In 1949, Charlie Munger was 25 years old. He was hired at the law firm of Wright & Garrett for $3,300 per year, or $42,000 in inflation-adjusted dollars.

A few years later, in 1953, Charlie was 29 years old when he and his wife divorced. He had been married since he was 21. Charlie lost everything in the divorce, his wife keeping the family home in South Pasadena. Munger moved into “dreadful” conditions at the University Club and drove a terrible yellow Pontiac, which his children said had a horrible paint job. According to the biography written by Janet Lowe, Molly Munger asked her father, “Daddy, this car is just awful, a mess. Why do you drive it?” The broke Munger replied: “To discourage gold diggers.”

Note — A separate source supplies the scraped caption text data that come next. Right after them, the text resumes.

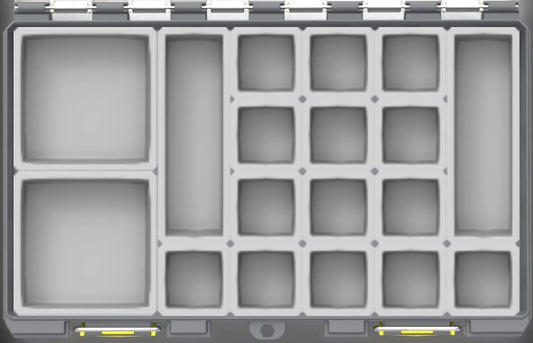 Customized Box - Colony 28 - 11068177-021c-4ed7-85e9-bffc19396974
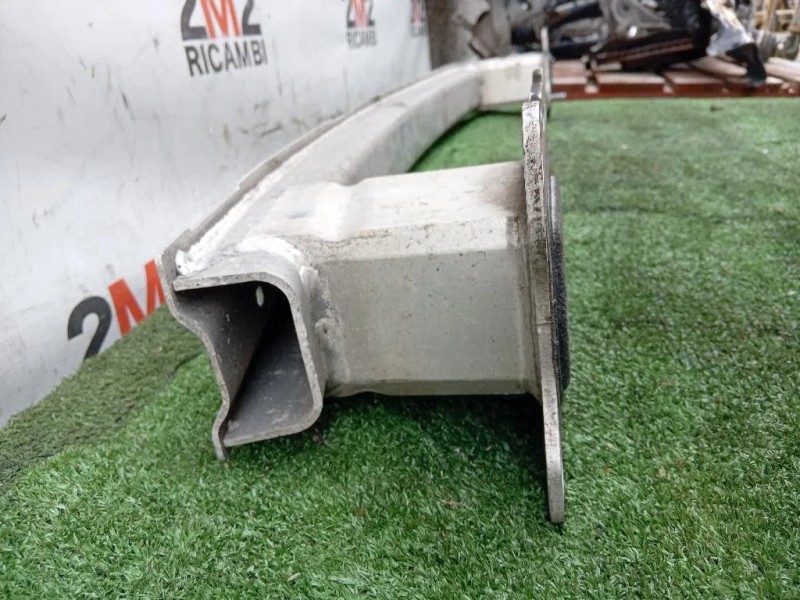 Traversa Paraurti POST 8W0 807 309 B Audi A4 8W5 Avant 2015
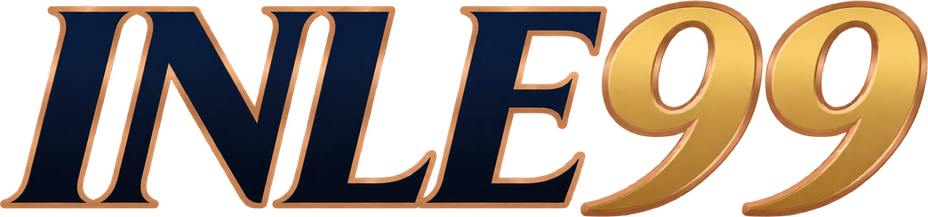 inle99 Logo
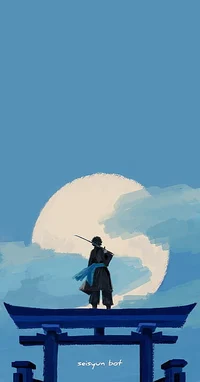 Kaigaku
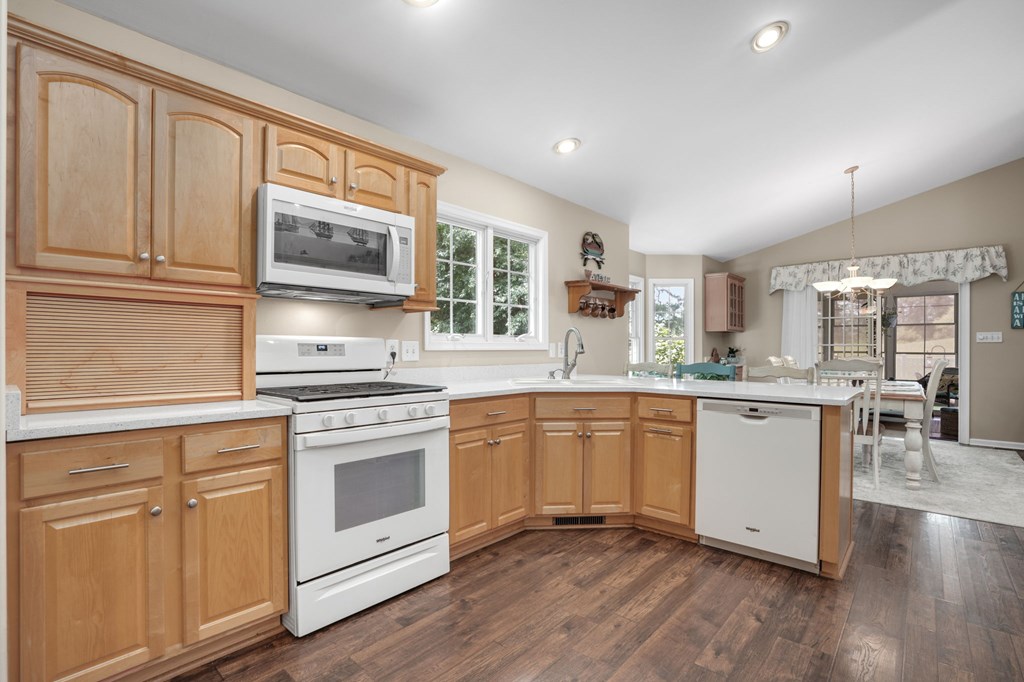 3074 Captains Corridor, Greenbackville, Virginia image 23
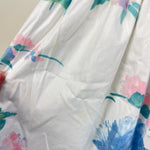 Load image into Gallery viewer, Florence Eiseman Vintage Floral Dress
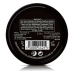 Oogschaduw Ebony Max Factor 81496168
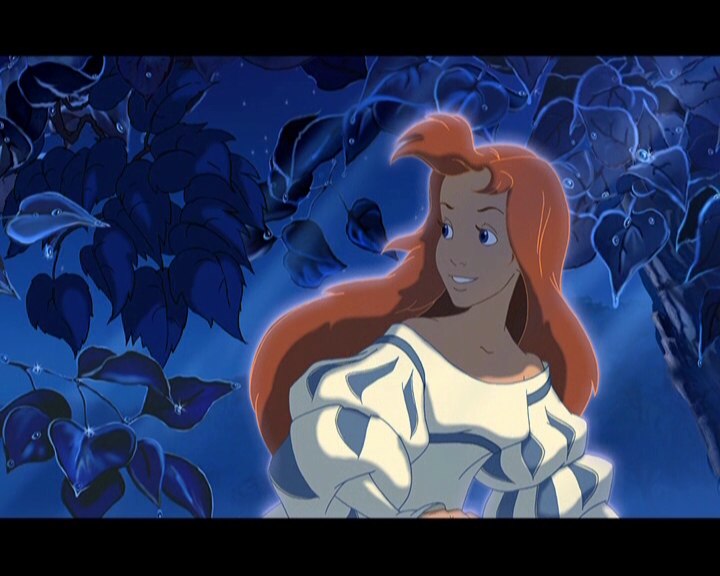 Елена Малашкина | Калининград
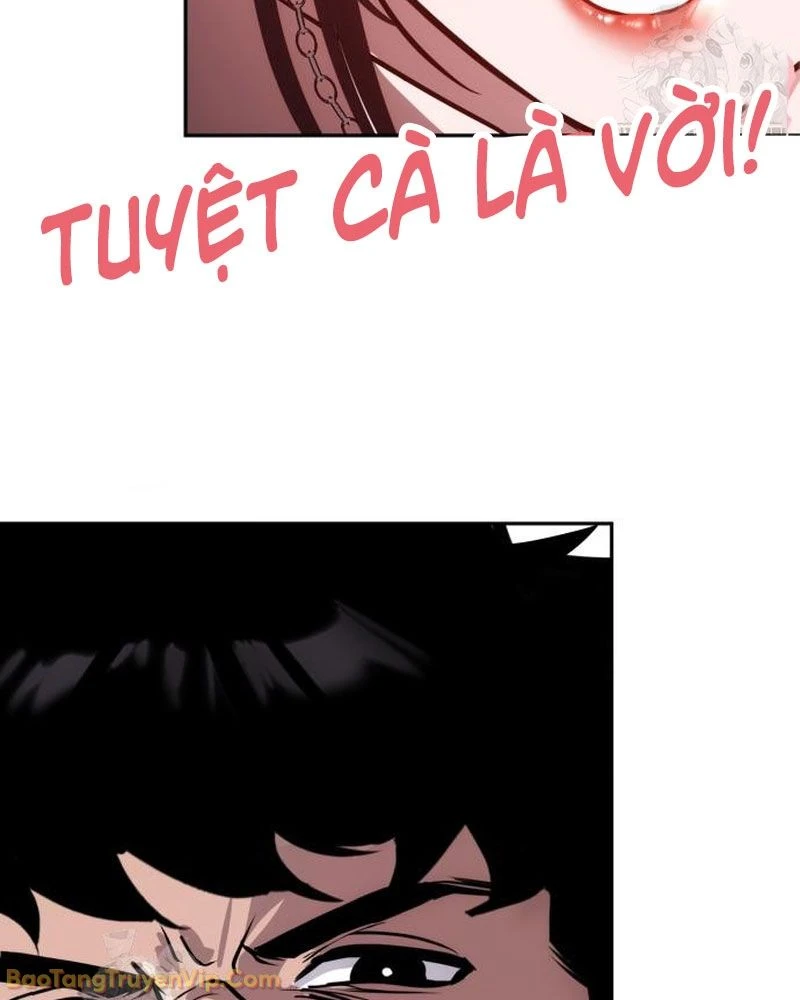 Dàn Harem Của Anh Bán Rong Chapter 5 - 105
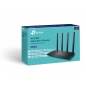 Bežicni ruter TP-LINK ARCHER C6 Wi-Fi/AC1200/867Mbps/300Mbps/MU-MIMO/1xGWAN 4xGLAN/4 antena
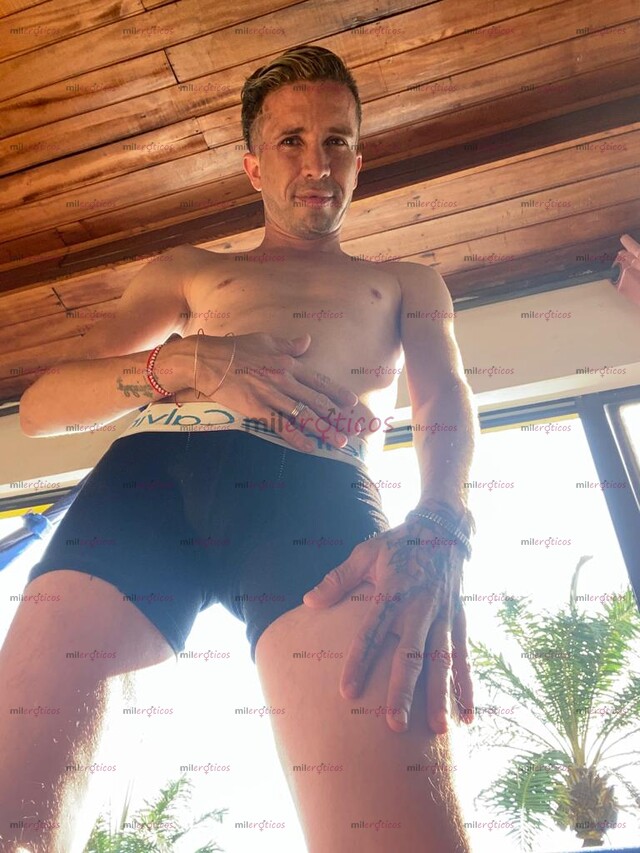 FOTOS DE ROMPE CULOS ME ADAPTO A LO QUE DESEES ADEZ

Shortly after the divorce, Charlie learned that his son, Teddy, had leukemia. In those days, there was no health insurance, you just paid everything out of pocket and the death rate was near 100% since there was nothing doctors could do. Rick Guerin, Charlie’s friend, said Munger would go into the hospital, hold his young son, and then walk the streets of Pasadena crying.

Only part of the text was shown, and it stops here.